Техника писательского ремесла - [16]
«У вас в «Двадцать шесть и одна» (рассказ) в скольких шагах стоит стол от печки?» Горький сказал, в скольких. «Ну, а жерлы печки какой у вас ширины?» Горький показал руками; тогда Толстой начал сердиться: «Как же вы пишете, что у вас печь освещает сидящих, — ведь, по ширине не хватит!
В этой поправке дело в том, что Толстой, как уже опытный художник, каждую часть картины увязывал друг с другом и досматривал знамения каждого слова, а Горький писал приблизительно.
Когда пишешь, нужно избегать всякой приблизительности.
Нужно избегать названия предметов, упоминания их и, наоборот, нужно добиваться точной передачи предмета, все равно будет ли это дано в нескольких словах или во многих.
Потом нужно рассчитать, чего вы добиваетесь в данном рассказе: предположим, что вы описываете новое производство, например, чужой край, золотые прииски.
Вы знаете, что читателю эти самые золотые прииски интересны, или вы считаете, что какая-нибудь сторона повседневной жизни еще не вошла в читательское сознание, тогда вы делаете установку на эти подробности и шаг за шагом излагаете их.
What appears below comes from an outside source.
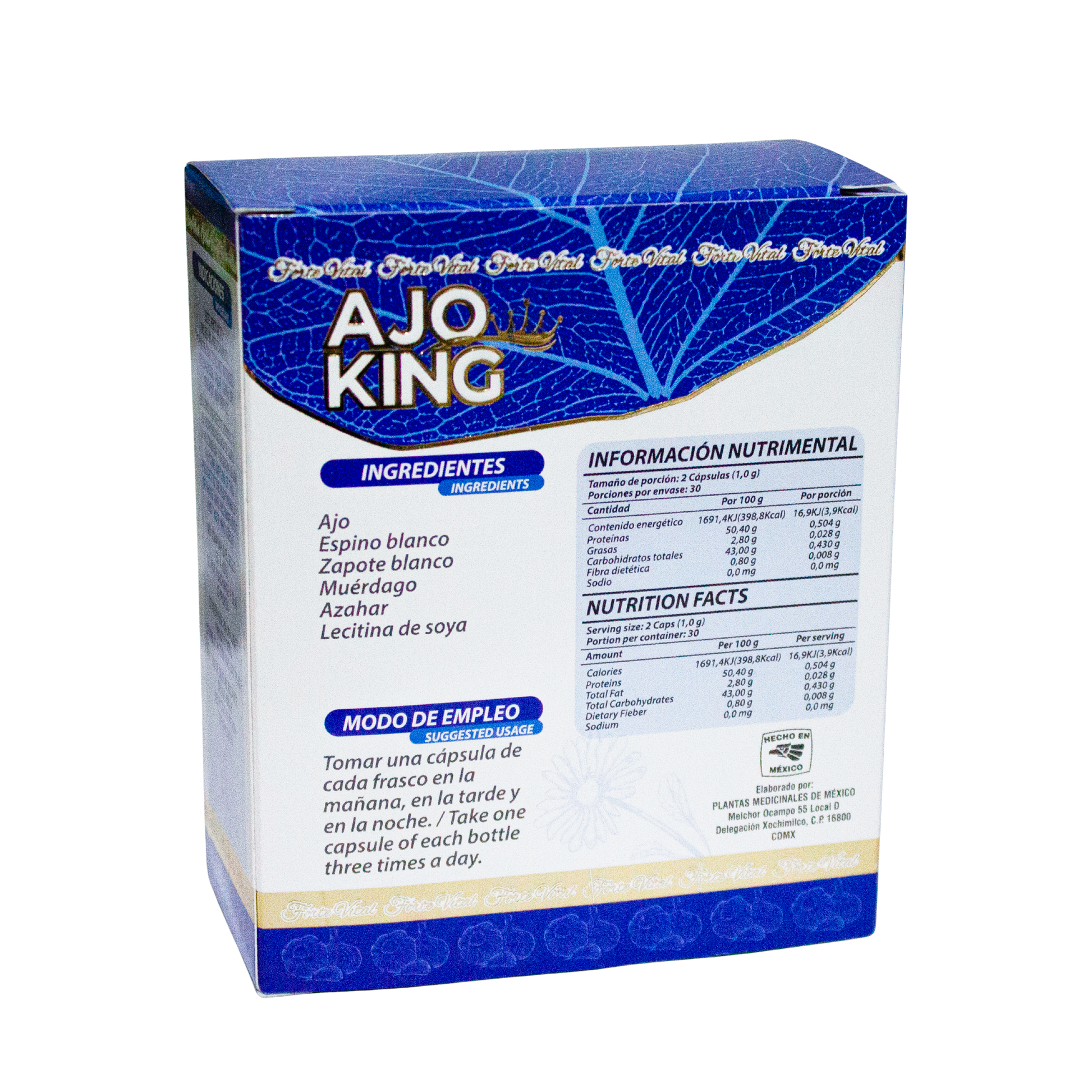 Presión; 2 Frascos 30 Tabletas y 60 Capsulas, Ajo King.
Если же вы добиваетесь рассказа о событиях, то всю живописную часть произведения можете давать, таким образом, чтобы она была только как примечание к рассказу. Например, так написана «Капитанская дочка» Пушкина. Пушкин, рассказывая о том, как одет Пугачев, просто говорит: «ехал человек в красном кафтане», а в другом месте: «на нем был красивый казацкий кафтан, обшитый галунами», и считает это достаточным.
Вот два описания разных рек в «Капитанской дочке»:
I. Яик (Урал):
«Река еще не замерзла, и ее свинцовая волна грустно чернела в однообразных берегах, покрытых белым снегом».
II. Волга. Пример еще более простого описания:
«Небо было ясно. Луна сняла. Погода была тихая. Волга неслась ровно и спокойно».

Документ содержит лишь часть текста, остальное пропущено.